街中を歩けば季節ごとに花が植え替えられていたり、民家の庭先などにも花が植えられていることも多いので、買い物ついでに散歩していると季節の移ろいがよく分かる。
(時々国道沿いなどにびわの木が点在するので時期になると「おかーん!びわぁあああああああ!!」と要求したりするが、そこはご愛敬。わが地元はびわの産地で、1パックぐらいなら普通に一日で食べ切る)
そんな土地柄で生まれ育った上に、実家の化粧品店では店に頂き物の花を生けることも当たり前だったので、花と植物は日常生活で当たり前のようにあるものと思っていた。
ところが。
専門学校に進学してから困ったことが起きた。
市街地には意外と花見の名所とかが多く、街路樹とかでも桜は当たり前のように植えられている。それに伴ってイベントも多く行われていることが多い。
自分は写真撮影が趣味で、でも基本的にぼっち行動なので、たまにはクラスメイトを誘いたいこともある(ただし、カップルは除く)
自分の学科は少数精鋭で、2年次にカリキュラムが似ていた別の学科から編入した生徒はいたが、それでも8人しかおらず、入学当初に至っては7人しかいなかった(とある事情で数が合わないのはスルーで)
多分、入学前合宿の時だったか。合宿先の敷地内を回ってクイズに答えるレクレーションの時だったか、記憶は定かでない。
「ごめん、花とかマジで見るのもダメ」
「・・・はい?」
唯一自分以外で同じ学科の女子に言われ、まーじーで変な声が出た。
いや、動物が苦手なら「噛まれたりしたん?」とか、尖った物とか指先が苦手なら「あー、先端恐怖症?」、水とか高いところが苦手だったら「あーらま。マジで?」などと、知った後でも自然に会話が続けることは可能だ。
「蜂にでも刺されました?」
「あー、貰った花束から出てきた蜂に刺されてから花が苦手になった!」
「・・・はいぃいいいいいいいいいっ!!?」
いや、刺されたのがきっかけで蜂が苦手になるのはまだ納得出来るが・・・苦手になったのは花の方!!?嘘でしょ!!?
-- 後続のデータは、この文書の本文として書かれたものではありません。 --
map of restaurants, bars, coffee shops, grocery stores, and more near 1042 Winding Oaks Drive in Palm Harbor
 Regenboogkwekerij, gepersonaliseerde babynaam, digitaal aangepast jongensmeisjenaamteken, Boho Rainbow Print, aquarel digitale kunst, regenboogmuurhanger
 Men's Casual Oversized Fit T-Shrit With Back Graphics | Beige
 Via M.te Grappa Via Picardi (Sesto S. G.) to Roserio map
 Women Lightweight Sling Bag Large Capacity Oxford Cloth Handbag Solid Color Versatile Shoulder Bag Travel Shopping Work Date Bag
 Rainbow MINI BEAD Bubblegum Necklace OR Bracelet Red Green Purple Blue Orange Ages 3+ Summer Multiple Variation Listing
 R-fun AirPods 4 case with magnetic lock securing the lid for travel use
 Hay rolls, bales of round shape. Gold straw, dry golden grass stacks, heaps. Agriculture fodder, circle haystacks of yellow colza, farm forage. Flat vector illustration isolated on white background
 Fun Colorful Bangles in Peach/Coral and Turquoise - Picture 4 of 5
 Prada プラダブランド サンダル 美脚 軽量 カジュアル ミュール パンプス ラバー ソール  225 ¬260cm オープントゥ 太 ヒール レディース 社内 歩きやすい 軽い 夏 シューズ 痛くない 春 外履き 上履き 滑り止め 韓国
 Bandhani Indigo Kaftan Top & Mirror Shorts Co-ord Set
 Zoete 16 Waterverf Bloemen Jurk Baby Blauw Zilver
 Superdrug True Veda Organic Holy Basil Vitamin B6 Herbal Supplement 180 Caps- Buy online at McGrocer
つか、うちの県、普通に生垣とかでも花とか植えられてるんですが!!?
いや、花粉症とか、匂いが苦手と言う理由で特定の花はちょっと・・・ならまだ分かるけど!!まさかの花全般苦手って!!
「卒業式どうすんですか!!?」
「悪いけど貰ってくれたらすごく助かる!」
それからと言うものの、誰かに贈り物をする時は「ごめん、花は大丈夫?」と聞くようになったのは言うまでもない。